Однако Галина, даже в крепких моих объятиях, умудрилась, чуть отклонив лицо, вместо губ подставить щеку, проговорив затем, когда я разомкнул объятья:

– Я думала – это сестра вернулась из магазина. Ты почему не предупредил о своем приезде?

– Хотел сделать тебе сюрприз. Ты же приглашала меня в гости, – честно ответил я.

– Приглашала. И очень рада, что ты приехал. И сюрприз тебе удался. Снимай куртку и пойдем, я покажу тебе твою комнату. А потом, если захочешь, сможешь принять ванну.

Квартира была просторная, четырехкомнатная.

Галина провела меня в дальнюю небольшую комнату с окном, за которым видны были белые полуразвалившиеся стены какого-то древнего храма. В самой же комнате места хватило только для кровати и неширокого шкафа, почти закрытого сейчас открытой дверью комнаты.

– Это бывшая комната моей младшей сестры Ларисы, располагайся, – пояснила мне Галина.

– Почему бывшая? – поинтересовался я.

– Потому что нынешней осенью она выскочила замуж за своего одноклассника и живет теперь в квартире – тоже четырехкомнатной – своего мужа и его родителей в нашем же доме.

– Непорядок, – строго констатировал я. – Где же субординация? Разве можно выходить замуж раньше старшей сестры?!

– Так вот, никто меня, бедную чернавку замуж не берет, – улыбнулась Галина и продолжила: – А если бы Лариса не вышла замуж, пришлось бы тебе в моей комнате, правда, она побольше этой будет, устраиваться. Или в гостиной на диване. А через нее бы все ходили, в том числе и ночью, пробираясь к туалету по своим надобностям. – И уже строже добавила: – Так что о своем приезде надо все-таки извещать заранее. – И, совсем уж перейдя на деловой тон, спросила: – Ты пойдешь в ванную?

Я утвердительно кивнул в ответ.

– Тогда я дам тебе отцовский банный халат. Можешь после ванной в него облачиться. Отец с мамой вернутся с работы только к вечеру. А мы с тобой и с Ларисой отобедаем. Голоден небось?
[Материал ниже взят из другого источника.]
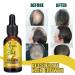 Enkomy Hair Growth Serum | 40ml Anti-Hair Loss Ginger Oil - Boost Hair Growth & Nourishment - Buy Online on GoSupps.com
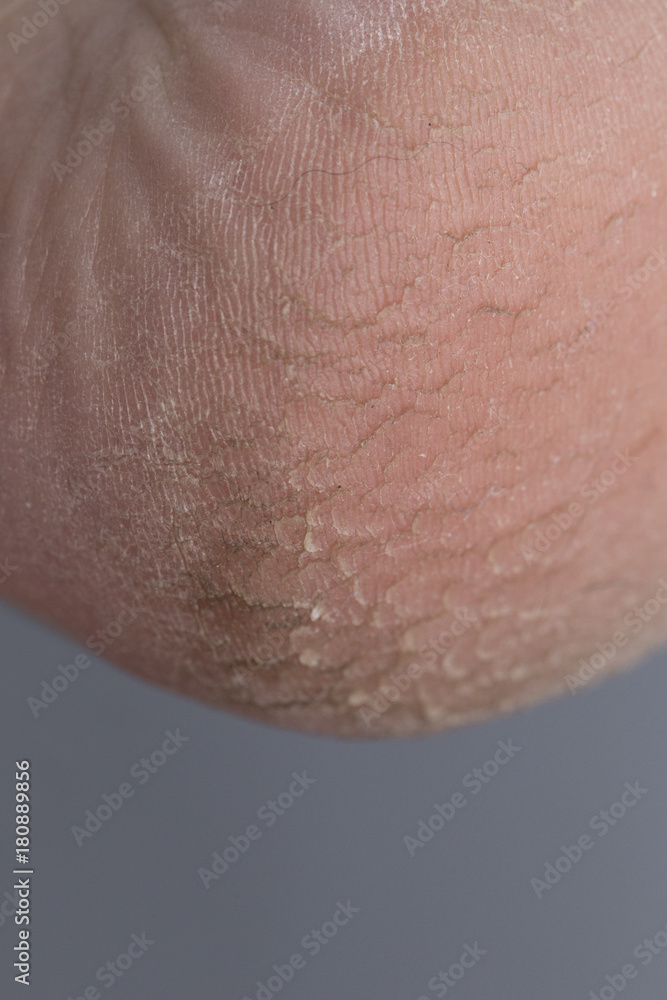 Fototapeta premium human heel break
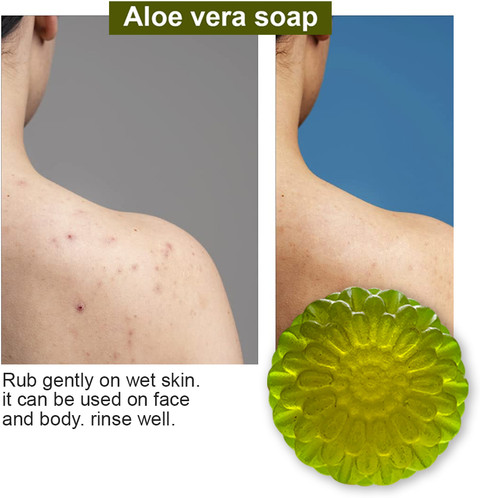hilft aloe vera gegen entzündungen Aloe Vera Kalt-Warm Ultra Gel mit CBD und Arnika (250/100ml) main image 1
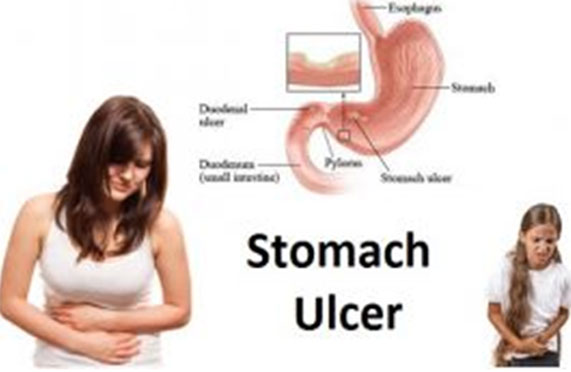What Are The Causes Of Stomach Ulcers?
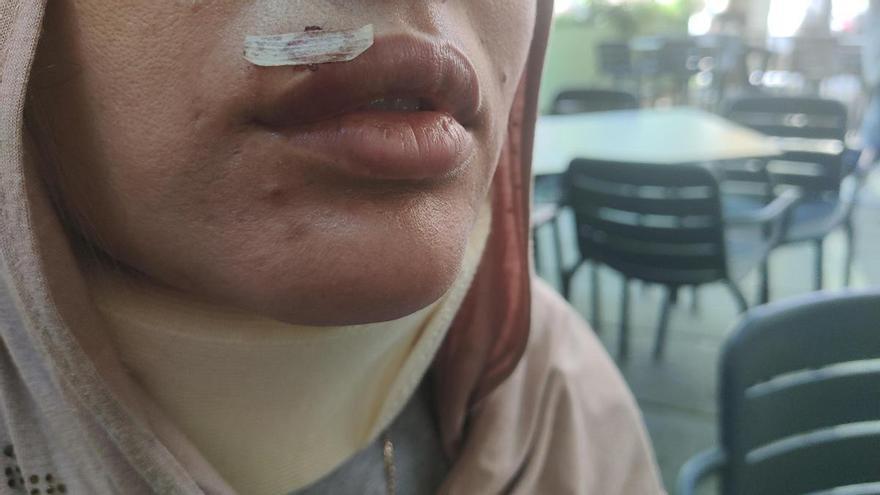 Les dones musulmanes agredides a Manresa: "Tenim por que ens ho tornin a fer"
Вволю нанежившись в горячей ванной в обильной мыльной пене и чуть не уснув при этом от приятного расслабления, минут через сорок я вышел на кухню в полосатом махровом халате отца Галины, Петра Ефимовича. Халат, кстати, вернее, совсем некстати, был мне велик. Отчего я сделал вывод, что Петр Ефимович человек довольно высокий и крупный. Каковым, скорее всего, и надлежит быть настоящему полковнику.

Галина с сестрой, вернувшейся к тому времени из магазина, оказались совсем не похожими друг на друга. Как будто и не были родными сестрами.

Они, слегка посмеиваясь над чем-то, колдовали над сервировкой стола в не очень большой кухне. А, увидав меня в халате отца, с подвернутыми рукавами и чуть ли не волочащимися по полу его полами, и вовсе весело рассмеялись.

– Я не думала, что халат тебе будет настолько велик, – удивилась Галина.

– Лариса, – протянув мне руку, сказала круглолицая, с приятными ямочками на щеках и озорными глазами девушка. – Младшая сестра этой вот мымры, которую вы, как я понимаю, знаете. Хотя никто ее не знает так, как я, – хитровато улыбнулась Лариса. – И это хорошо, потому что из-за ее максимализма: «Или все, или ничего» она ни с кем не могла бы ладить, – совсем по-взрослому высказала свои доводы столь юная особа.